Other Ways to Track Santa
Users can also access the NORAD Tracks Santa app (which is available in Apple’s App Store and the Google Play Store) to track Saint Nick from their smartphones and tablets.
Tracking opportunities are also available through social media via the Twitter, Facebook, Instagram and YouTube accounts for NORAD Tracks Santa, as well as via the partner platforms Bing, Amazon Alexa and OnStar.
« Anytime on December 24, Amazon Alexa users can ask for Santa’s location through the NORAD Tracks Santa skill for Amazon Alexa, and OnStar subscribers can press the OnStar button in their vehicles to locate Santa, » NORAD explained.
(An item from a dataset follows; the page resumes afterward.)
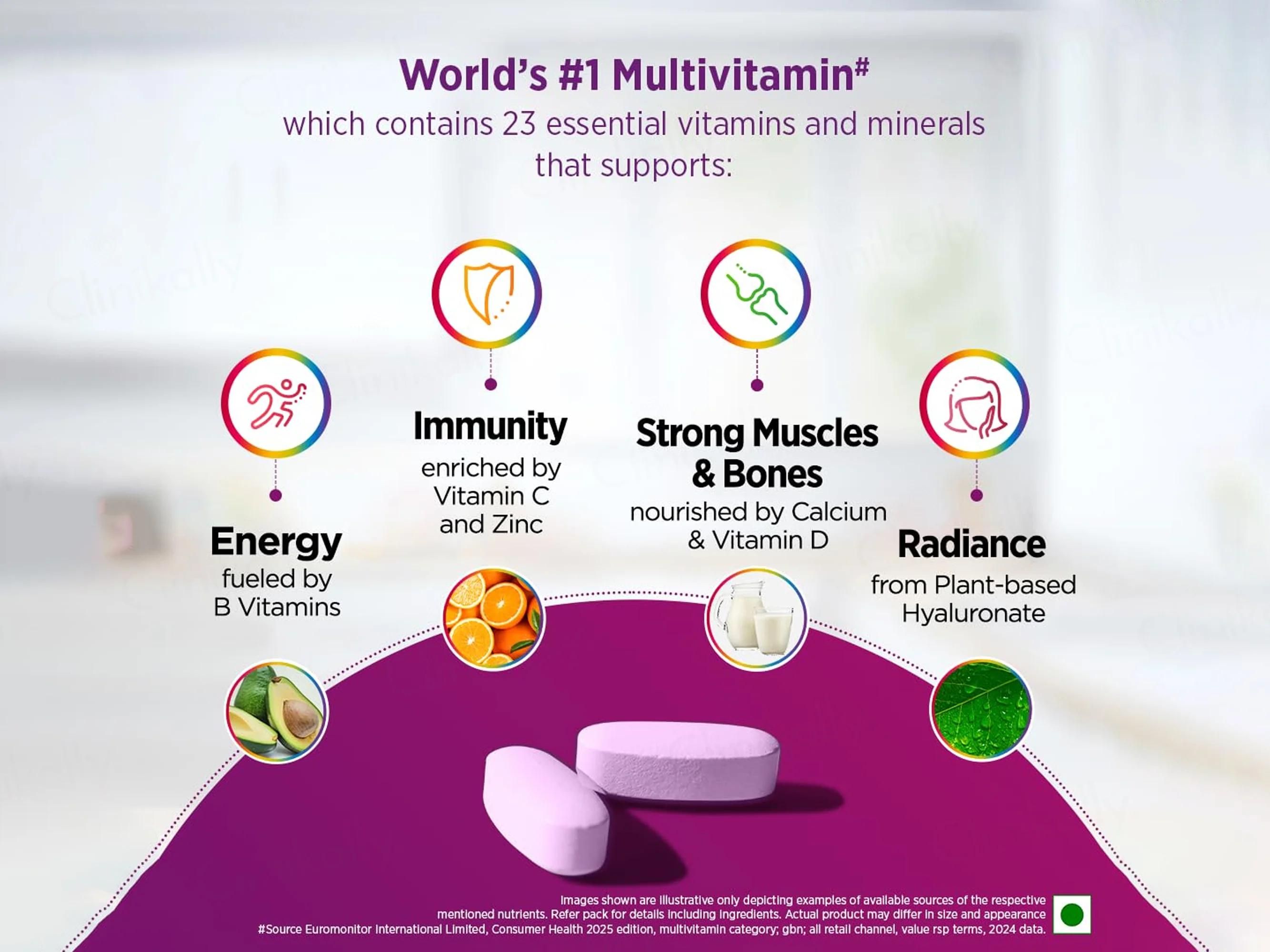 Centrum Women Multivitamin Tablet - Image 7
Trackers can also use the Bing search engine to see Santa’s current location.
How Did NORAD’s Santa Tracking Tradition Begin?
The tradition of tracking Santa Claus first began in 1955 when a local newspaper published an advertisement telling kids they could call Santa directly.
But the contact number for Santa was misprinted. So instead of reaching Santa, the number connected the caller to the crew commander on duty (U.S. Air Force Colonel Harry Shoup) at the Continental Air Defense Command Operations Center (the predecessor to NORAD).
Quickly realizing the mistake, Col. Shoup reassured the child calling that he was Father Christmas. He then assigned another duty officer to continue answering these calls, sparking a decades-long tradition, which NORAD has continued since 1958.
Every year since then, the joint air defense effort has reported Santa’s location on Christmas Eve to millions of children and families across the globe, according to NORAD.